As he talked, I was scrolling down the forgotten chapters of my Russian memoir.  I looked at the date when I started writing it.  2011 is a frightening number.  Almost three years have gone by.  I don’t know when I gave up on it, but sometime, in the midst of the mess that my life has become, it became irrelevant.  Often, I remembered it and sometimes mentioned it, feeling the pain of failure in my gut.

Just the idea of having to finish a book by May, only having written seven, and not well edited chapters, was impossible.  I would have to be insane to commit to something like that.  But rumor has it that Shelley wrote the first draft of Frankenstein in under a week.  I wish, and at the same time, fear that I could suspend myself into a writing bubble for a whole week and do nothing and think of nothing except my life.  Because writing this would just be a long meditation on that.

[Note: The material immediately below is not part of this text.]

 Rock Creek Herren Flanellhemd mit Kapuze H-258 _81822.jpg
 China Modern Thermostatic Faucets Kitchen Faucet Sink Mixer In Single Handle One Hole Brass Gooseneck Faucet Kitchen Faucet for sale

I don’t know why I want so much to write this story.  My friend, Saul, recently said it best and luckily New York Times thought so too.  “Writing was not a matter of taking a prefabricated thought and setting it down on paper, but using the act of setting words down on paper to determine just what that thought might be.”

There is a duality in all of us.  We live only with ourselves but in many ways, we know ourselves least.  I have become fascinated with myself in the mirror.  I often catch myself during a busy workday.  There I am.  I look different to myself than I thought I looked.  Everyone in the office could see me, except for me.

In conversations with people, I can see their strengths and their weaknesses clearly, but I know that they don’t see what I see.  In the same way, I don’t see my own.  We are strange creatures, physically forced to look out with our eyes instead of in, even though, looking in, solves so many of our problems.

I wish to write this book, so that I have a long chance to look inside, to dissect my innards and to release the stench that rotting memories could cause.